* [WORK ITEM]:
Without including pictures, set down every record exactly as it stands.

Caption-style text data
--*--

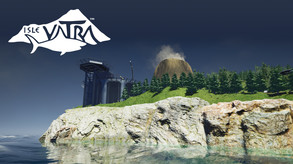 Isle Vatra Teaser
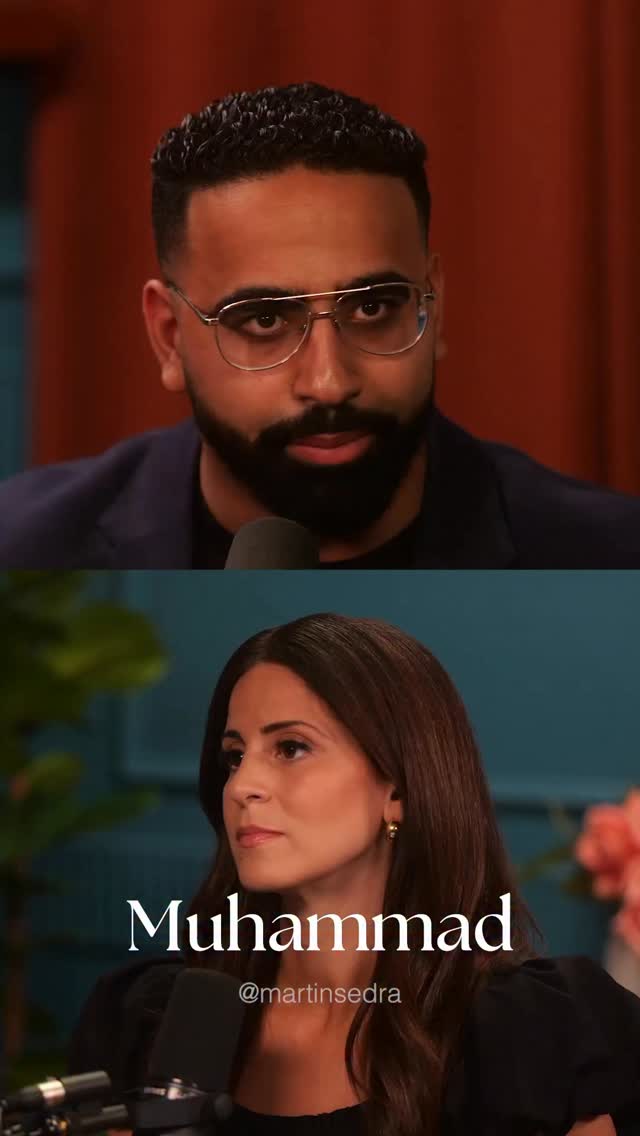 Let’s compare Jesus vs Muhammad! 🕋⛪️
Pastor @martinsedra
Muhammad said “kill the infidel”, Jesus said “love your enemies”.
Muhammad before he died said “May Allah curse the Jews and Christians”, Jesus before He died said “Father forgive them”.
Muhammad owned slaves and r**** them, Jesus honoured women and covered them.
Muhammad stoned the women caught in adultery, Jesus said to her “neither do I condemn you, go and sin no more”
Muhammad led over 73 wars and raids, Jesus never started a war or a raid.
Muhammad allows men to beat their wives up, Jesus says “love your wives”
Islam spread through the blood of its enemies, Christianity spread through the blood of the martyrs.
Follow Jesus! He is the way the truth and the life! 🙏🔥
Pastor @martinsedra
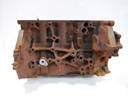 MTD-459847-2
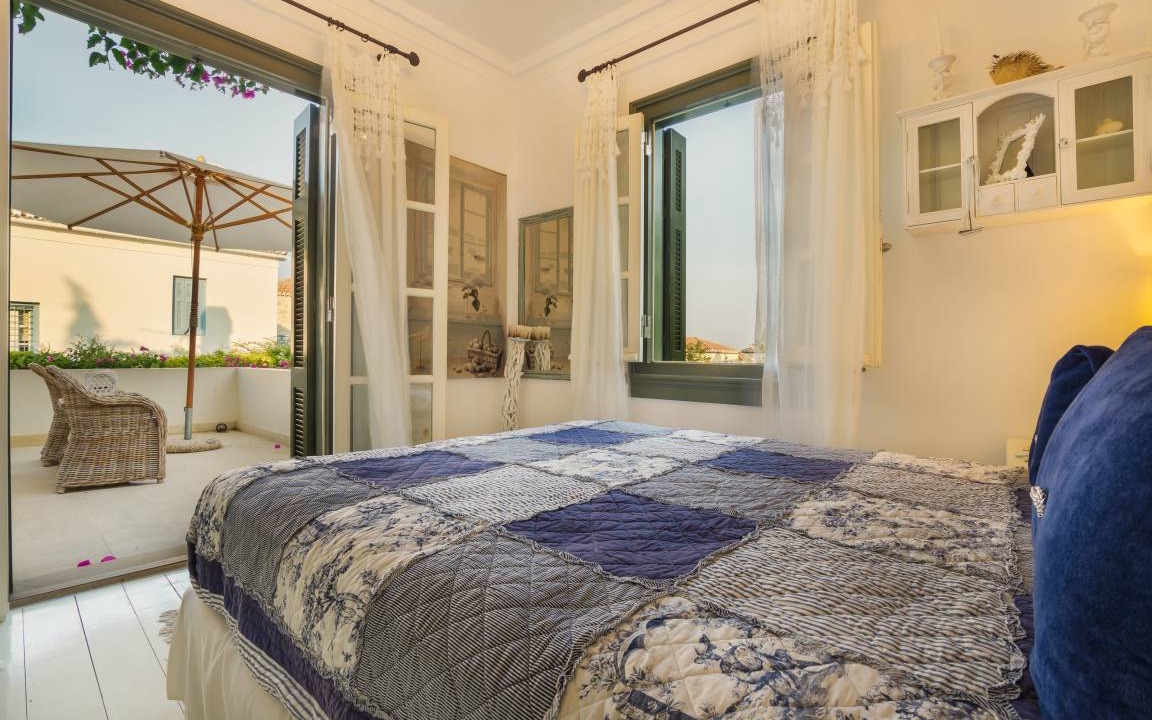 Photo of Others in Spetses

--*--

* [THE ANSWER]:
 Isle Vatra Teaser
 Let’s compare Jesus vs Muhammad! 🕋⛪️
Pastor @martinsedra
Muhammad said “kill the infidel”, Jesus said “love your enemies”.
Muhammad before he died said “May Allah curse the Jews and Christians”, Jesus before He died said “Father forgive them”.
Muhammad owned slaves and r**** them, Jesus honoured women and covered them.
Muhammad stoned the women caught in adultery, Jesus said to her “neither do I condemn you, go and sin no more”
Muhammad led over 73 wars and raids, Jesus never started a war or a raid.
Muhammad allows men to beat their wives up, Jesus says “love your wives”
Islam spread through the blood of its enemies, Christianity spread through the blood of the martyrs.
Follow Jesus! He is the way the truth and the life! 🙏🔥
Pastor @martinsedra
 MTD-459847-2
 Photo of Others in Spetses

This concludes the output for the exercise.